Friday, Sept. 22, 2006 | 7:31 a.m.

The idea that Nevada would agree to accept money in exchange for allowing an unsafe nuclear dump to be built anywhere within its borders is both preposterous and insulting.

Yet such an arrangement is contained within a proposal drafted for Congress' consideration by the Nuclear Energy Institute, the policy and lobbying organization of the nuclear power industry.

With the federal government's plan to bury high-level nuclear waste in Southern Nevada now catatonic because of innumerable environmental reasons, the NEI's proposal is a desperate effort to revive the project before a new presidential administration comes into power. President Bush chooses to ignore science and fully supports the nuclear industry's aggressive backing of Yucca Mountain, 90 miles northwest of Las Vegas.

The nuclear industry backs the project because its opening could allow for a spate of new nuclear plants. The industry, however, is immune to the fact that for the nearly 20 years that Yucca Mountain has been studied, never has it been deemed safe by any credible scientific report.

Establishing one or more "temporary" waste storage sites within Nevada is a main point of the NEI's bill draft.
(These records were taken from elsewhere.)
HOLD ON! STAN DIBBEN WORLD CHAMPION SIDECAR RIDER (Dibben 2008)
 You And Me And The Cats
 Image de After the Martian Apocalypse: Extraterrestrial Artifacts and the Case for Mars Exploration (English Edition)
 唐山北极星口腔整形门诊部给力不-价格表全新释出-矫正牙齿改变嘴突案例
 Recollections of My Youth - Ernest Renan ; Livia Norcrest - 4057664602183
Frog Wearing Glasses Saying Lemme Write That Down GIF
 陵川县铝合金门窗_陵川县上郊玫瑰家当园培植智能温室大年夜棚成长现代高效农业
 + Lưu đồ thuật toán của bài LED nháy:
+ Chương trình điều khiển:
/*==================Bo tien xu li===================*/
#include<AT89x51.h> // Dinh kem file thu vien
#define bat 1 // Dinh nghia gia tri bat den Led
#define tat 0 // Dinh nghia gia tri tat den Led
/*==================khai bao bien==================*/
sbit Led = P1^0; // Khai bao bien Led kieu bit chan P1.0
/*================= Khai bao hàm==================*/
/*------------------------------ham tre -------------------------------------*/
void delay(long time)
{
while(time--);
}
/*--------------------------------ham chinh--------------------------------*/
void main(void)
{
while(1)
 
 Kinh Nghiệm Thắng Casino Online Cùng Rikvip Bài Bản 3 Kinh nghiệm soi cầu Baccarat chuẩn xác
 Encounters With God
A "benefits schedule" is listed in the proposal, whereby Nevada should agree to host the facilities in exchange for $25 million a year while they were being built. Once opened and until they were closed (very likely many generations from now), the state would receive double that amount.

Bob Loux, Nevada's point man on nuclear waste, said the state was offered more money than that back in the 1980s. "The governor said then that we wouldn't trade the health and safety of Nevadans for money, and such a proposal will not work now either," Loux said Thursday. "Nevada is not for sale."

The NEI's proposal also liberally amends the Nuclear Waste Policy Act of 1982, which Congress passed to ensure strict guidelines for burial of nuclear waste. The amendments would give the Energy Department broad authority to part from national and state environmental standards in building both Yucca Mountain and temporary storage facilities.

This proposal is intended to give Congress' blessing to making an unsafe project even more unsafe. We hope members of Congress can take their minds off the lavish lobbying by the nuclear industry just long enough to reject this proposal immediately.